-------- Material for this task

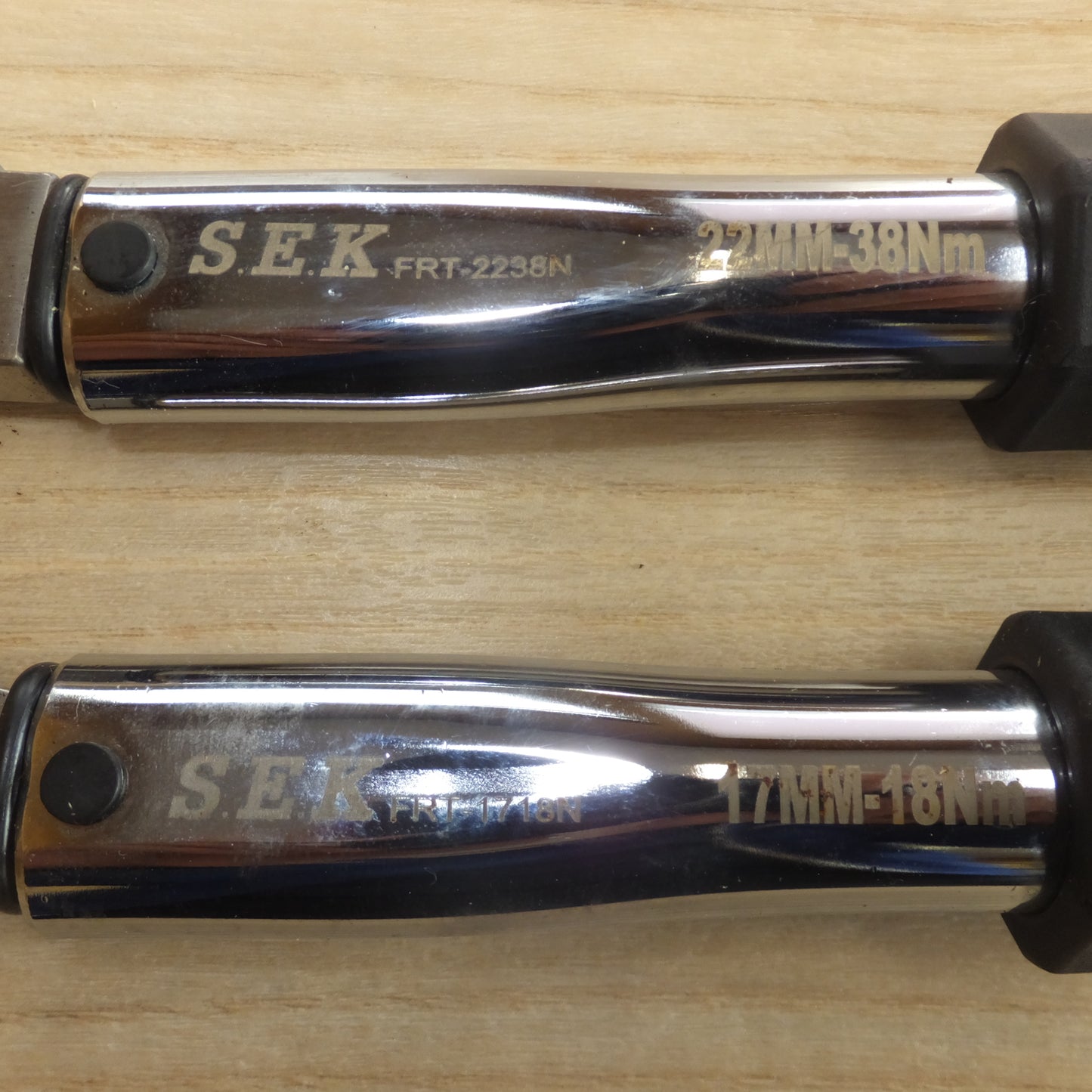 [送料無料] ★スエカゲツール SEK フレアラチェットトルクレンチ FRT-1718N FRT-2238N　17MM-18Nm 22MM-38Nm　セット★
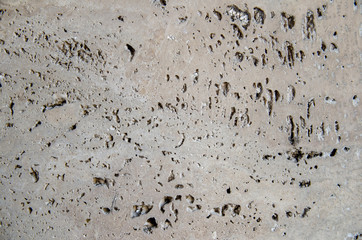Closeup of grey granite as texture or background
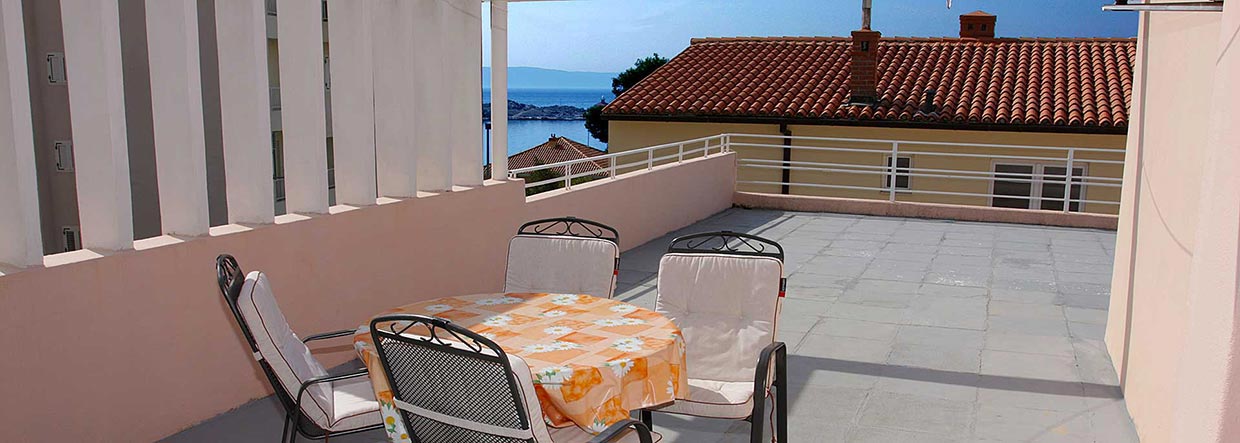 Apartmanok Makarska a strand közelében - Apartman Bagaric A1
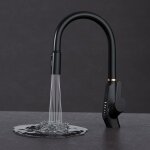 Mai & mai robinet de cuisine extensible avec affichage led de la temp�rature pivotant � 3 modes mitigeur ...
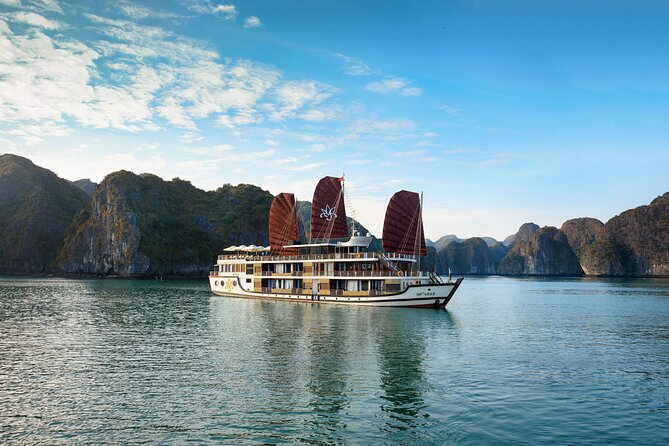 Orchid Cruises Halong Bay 2Days/1Night With 5 Star all included - Day 1 Morning in Motion: Bridge Views, Tender Transfer, and the Welcome Tea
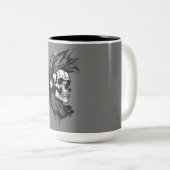 Skull designe punk Triageshop designe Zweifarbige Tasse (VorderseiteRechts)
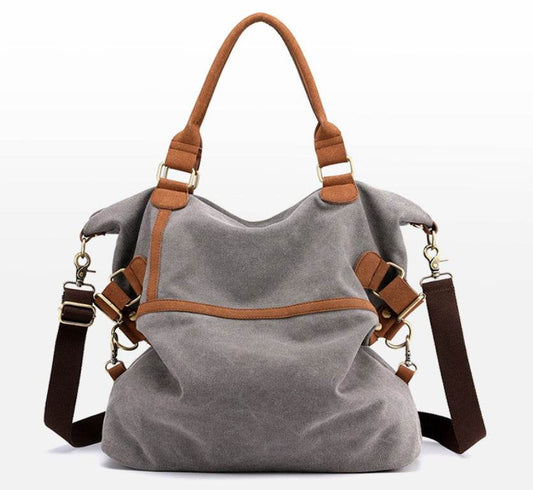 New Leisure Women Cotton Canvas Shoulder Bags High Quality Handbag Tote Shopping Bag High capacity Retro Canvas tote bag - Mubimart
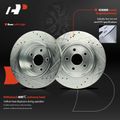 2 Pcs Rear Drilled Brake Rotors for 2006 Jeep Grand Cherokee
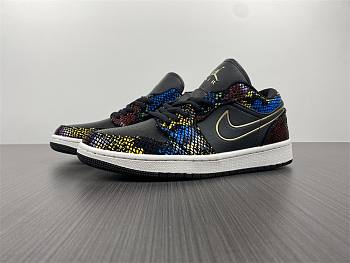 Air Jordan 1 Low Multicolor Snakeskin (2020) (Women's) CW5580-001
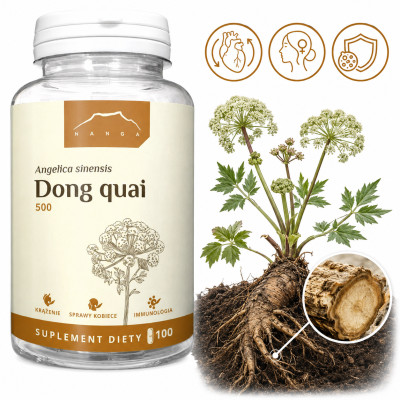 Nanga DONG QUAI 500mg 100 kapsułek DZIĘGIEL CHIŃSKI wsparcie LIBIDO NASTRÓJ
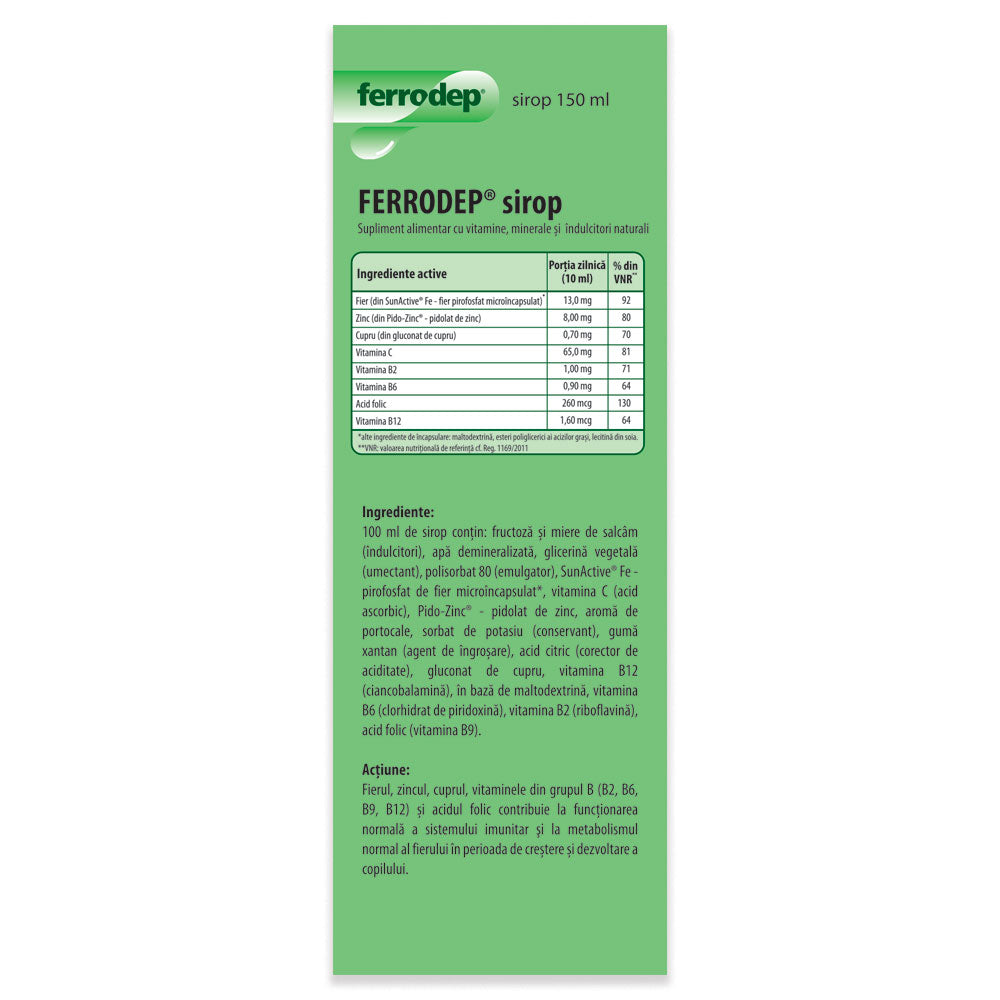 Sirop Ferrodep, 150ml, Dr. Phyto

----------------

Once the pictures are dropped, repeat the data above exactly.

 [送料無料] ★スエカゲツール SEK フレアラチェットトルクレンチ FRT-1718N FRT-2238N　17MM-18Nm 22MM-38Nm　セット★
Closeup of grey granite as texture or background
 Apartmanok Makarska a strand közelében - Apartman Bagaric A1
 Mai & mai robinet de cuisine extensible avec affichage led de la temp�rature pivotant � 3 modes mitigeur ...
 Orchid Cruises Halong Bay 2Days/1Night With 5 Star all included - Day 1 Morning in Motion: Bridge Views, Tender Transfer, and the Welcome Tea
 Skull designe punk Triageshop designe Zweifarbige Tasse (VorderseiteRechts)
 New Leisure Women Cotton Canvas Shoulder Bags High Quality Handbag Tote Shopping Bag High capacity Retro Canvas tote bag - Mubimart
 2 Pcs Rear Drilled Brake Rotors for 2006 Jeep Grand Cherokee
 Air Jordan 1 Low Multicolor Snakeskin (2020) (Women's) CW5580-001
 Nanga DONG QUAI 500mg 100 kapsułek DZIĘGIEL CHIŃSKI wsparcie LIBIDO NASTRÓJ
 Sirop Ferrodep, 150ml, Dr. Phyto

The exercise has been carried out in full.